* **REQUIREMENT**
Copy, word for word, the lines of the entries below between the one with "1 Bedroom Property" and the one with "JEPET RESTORANT BUZE", inclusive, and leave out everything else.

DATASET RECORDS section start

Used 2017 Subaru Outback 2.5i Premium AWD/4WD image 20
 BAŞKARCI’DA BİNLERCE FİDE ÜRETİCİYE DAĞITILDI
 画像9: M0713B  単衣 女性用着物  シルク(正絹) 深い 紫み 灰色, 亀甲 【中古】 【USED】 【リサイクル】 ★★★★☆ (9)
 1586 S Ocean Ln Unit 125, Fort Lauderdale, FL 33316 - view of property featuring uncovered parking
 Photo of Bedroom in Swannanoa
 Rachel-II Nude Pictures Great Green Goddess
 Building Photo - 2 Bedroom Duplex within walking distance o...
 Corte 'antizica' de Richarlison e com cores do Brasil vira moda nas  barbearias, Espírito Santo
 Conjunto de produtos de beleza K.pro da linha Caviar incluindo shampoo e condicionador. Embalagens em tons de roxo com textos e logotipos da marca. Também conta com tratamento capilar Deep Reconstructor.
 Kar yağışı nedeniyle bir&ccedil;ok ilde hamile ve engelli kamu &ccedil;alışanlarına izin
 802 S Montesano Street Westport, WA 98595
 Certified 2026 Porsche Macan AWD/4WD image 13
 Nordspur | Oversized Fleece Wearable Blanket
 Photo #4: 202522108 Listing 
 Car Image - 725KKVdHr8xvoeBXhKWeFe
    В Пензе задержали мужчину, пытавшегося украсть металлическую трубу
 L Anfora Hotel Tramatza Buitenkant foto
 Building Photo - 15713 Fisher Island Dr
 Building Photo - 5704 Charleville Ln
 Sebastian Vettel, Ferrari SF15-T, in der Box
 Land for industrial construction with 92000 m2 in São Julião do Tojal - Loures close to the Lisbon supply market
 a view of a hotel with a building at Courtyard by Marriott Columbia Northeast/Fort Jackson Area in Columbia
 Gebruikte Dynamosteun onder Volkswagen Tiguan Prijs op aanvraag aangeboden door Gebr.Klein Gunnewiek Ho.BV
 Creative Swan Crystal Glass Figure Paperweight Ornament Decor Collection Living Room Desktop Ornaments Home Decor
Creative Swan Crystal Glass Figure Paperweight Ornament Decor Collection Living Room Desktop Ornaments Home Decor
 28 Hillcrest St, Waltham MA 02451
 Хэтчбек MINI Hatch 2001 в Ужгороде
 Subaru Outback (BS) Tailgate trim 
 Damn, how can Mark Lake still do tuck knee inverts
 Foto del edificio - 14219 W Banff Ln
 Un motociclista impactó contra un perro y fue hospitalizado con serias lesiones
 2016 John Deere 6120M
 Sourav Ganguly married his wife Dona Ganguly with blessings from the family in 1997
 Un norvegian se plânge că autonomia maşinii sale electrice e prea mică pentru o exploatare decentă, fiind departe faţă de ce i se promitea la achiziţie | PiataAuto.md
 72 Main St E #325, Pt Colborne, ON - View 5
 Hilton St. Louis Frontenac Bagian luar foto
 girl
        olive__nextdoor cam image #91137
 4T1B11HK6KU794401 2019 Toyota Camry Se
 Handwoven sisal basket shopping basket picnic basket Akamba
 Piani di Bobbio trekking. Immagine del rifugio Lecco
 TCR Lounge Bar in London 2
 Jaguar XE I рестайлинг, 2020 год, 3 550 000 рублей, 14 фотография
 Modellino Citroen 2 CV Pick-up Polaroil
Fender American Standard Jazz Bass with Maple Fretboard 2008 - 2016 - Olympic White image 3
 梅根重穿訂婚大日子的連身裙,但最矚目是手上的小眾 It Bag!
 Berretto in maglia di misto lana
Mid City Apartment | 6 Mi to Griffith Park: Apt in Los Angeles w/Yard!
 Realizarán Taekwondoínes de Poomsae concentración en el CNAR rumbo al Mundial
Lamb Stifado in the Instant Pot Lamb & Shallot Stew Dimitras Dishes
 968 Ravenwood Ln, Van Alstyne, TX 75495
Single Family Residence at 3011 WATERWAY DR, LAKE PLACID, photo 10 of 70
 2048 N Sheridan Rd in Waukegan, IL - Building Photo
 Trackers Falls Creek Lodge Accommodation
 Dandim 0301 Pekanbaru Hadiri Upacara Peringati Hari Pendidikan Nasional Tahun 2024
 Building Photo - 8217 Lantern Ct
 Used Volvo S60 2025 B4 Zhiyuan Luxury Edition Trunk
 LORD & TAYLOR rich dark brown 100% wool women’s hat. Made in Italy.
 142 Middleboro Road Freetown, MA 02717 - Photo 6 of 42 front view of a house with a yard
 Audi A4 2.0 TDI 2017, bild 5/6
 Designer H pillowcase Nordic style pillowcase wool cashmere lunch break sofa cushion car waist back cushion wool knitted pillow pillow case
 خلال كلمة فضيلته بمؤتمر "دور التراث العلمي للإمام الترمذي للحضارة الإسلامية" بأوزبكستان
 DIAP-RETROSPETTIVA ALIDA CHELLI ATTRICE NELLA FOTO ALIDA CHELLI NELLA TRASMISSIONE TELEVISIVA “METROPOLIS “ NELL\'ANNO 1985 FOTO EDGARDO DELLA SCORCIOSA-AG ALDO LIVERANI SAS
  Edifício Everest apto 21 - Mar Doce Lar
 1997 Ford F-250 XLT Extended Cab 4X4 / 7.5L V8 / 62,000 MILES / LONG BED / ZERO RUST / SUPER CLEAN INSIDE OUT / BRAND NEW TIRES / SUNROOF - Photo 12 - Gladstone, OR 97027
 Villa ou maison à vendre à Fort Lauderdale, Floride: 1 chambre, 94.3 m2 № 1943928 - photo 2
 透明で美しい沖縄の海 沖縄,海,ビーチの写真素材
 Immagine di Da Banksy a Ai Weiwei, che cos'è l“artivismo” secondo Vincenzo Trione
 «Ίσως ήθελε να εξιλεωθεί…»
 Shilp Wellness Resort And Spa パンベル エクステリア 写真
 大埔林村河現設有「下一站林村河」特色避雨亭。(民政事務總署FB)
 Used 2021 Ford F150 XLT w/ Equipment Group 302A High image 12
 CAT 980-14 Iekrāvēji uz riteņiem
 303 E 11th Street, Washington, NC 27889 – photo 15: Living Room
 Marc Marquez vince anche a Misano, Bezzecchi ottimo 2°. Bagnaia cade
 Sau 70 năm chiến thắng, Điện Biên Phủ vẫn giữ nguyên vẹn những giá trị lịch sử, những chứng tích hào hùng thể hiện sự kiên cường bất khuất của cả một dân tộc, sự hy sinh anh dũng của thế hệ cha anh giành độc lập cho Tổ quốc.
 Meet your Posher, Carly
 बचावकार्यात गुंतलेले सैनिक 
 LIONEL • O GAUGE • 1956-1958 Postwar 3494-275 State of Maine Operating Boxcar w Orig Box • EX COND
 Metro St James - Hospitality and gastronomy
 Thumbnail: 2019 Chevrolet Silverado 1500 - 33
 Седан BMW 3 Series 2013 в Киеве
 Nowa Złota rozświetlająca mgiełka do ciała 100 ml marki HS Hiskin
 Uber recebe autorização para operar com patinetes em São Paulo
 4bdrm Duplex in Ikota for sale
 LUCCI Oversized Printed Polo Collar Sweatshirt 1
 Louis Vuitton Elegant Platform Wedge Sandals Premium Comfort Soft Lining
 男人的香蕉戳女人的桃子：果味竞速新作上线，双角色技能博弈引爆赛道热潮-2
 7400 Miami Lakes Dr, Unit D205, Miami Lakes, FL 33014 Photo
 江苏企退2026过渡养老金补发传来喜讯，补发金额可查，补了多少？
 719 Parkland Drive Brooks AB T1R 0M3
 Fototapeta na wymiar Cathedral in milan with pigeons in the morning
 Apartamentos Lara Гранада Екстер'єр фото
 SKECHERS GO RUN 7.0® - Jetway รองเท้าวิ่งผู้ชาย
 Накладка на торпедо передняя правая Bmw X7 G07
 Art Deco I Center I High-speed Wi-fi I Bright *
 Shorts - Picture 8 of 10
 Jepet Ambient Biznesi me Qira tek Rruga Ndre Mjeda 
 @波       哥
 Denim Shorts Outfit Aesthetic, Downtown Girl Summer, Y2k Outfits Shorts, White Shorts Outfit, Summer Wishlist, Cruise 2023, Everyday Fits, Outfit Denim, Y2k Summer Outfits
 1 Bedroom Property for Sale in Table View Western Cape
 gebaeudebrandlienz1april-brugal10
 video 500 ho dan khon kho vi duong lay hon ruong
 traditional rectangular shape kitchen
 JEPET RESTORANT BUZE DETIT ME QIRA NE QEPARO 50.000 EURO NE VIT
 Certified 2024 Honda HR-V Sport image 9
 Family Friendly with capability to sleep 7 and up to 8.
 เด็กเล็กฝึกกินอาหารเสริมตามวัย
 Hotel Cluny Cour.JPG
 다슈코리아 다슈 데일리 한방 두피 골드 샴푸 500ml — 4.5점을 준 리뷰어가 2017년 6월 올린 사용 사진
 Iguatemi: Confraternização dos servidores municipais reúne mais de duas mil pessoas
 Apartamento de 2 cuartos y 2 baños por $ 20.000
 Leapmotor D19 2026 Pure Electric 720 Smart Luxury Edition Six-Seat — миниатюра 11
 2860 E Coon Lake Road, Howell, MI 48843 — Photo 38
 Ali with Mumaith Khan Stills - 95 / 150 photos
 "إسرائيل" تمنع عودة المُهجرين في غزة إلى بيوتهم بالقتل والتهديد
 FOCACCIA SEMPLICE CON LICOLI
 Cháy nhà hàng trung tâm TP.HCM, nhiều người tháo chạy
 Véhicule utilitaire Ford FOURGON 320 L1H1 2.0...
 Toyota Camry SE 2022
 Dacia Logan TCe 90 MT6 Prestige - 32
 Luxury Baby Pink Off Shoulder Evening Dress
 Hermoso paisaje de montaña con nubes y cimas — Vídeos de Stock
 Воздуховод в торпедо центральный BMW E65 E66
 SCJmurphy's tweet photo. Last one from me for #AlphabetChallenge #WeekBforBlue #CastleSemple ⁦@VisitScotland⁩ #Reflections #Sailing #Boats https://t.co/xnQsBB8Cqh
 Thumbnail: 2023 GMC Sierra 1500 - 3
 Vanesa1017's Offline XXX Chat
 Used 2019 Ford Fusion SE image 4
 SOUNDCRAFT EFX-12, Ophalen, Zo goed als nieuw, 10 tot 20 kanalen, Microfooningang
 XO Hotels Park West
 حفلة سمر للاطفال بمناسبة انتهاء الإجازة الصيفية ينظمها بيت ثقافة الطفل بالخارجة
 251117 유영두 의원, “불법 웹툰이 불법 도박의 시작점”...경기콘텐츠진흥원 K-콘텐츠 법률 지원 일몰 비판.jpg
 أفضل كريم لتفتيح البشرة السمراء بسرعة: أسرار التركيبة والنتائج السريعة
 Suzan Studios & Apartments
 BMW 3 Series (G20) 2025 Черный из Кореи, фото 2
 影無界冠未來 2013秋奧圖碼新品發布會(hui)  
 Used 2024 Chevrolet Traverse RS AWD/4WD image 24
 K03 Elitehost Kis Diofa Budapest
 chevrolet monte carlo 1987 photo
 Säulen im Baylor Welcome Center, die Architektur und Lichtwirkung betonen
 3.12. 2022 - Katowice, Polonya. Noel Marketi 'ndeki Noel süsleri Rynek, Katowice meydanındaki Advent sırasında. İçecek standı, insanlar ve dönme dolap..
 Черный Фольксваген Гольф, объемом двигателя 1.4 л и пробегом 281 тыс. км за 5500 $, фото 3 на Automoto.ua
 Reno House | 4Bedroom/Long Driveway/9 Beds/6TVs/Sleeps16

DATASET RECORDS section end

* **TASK RESULT**
 1 Bedroom Property for Sale in Table View Western Cape
 gebaeudebrandlienz1april-brugal10
 video 500 ho dan khon kho vi duong lay hon ruong
 traditional rectangular shape kitchen
 JEPET RESTORANT BUZE DETIT ME QIRA NE QEPARO 50.000 EURO NE VIT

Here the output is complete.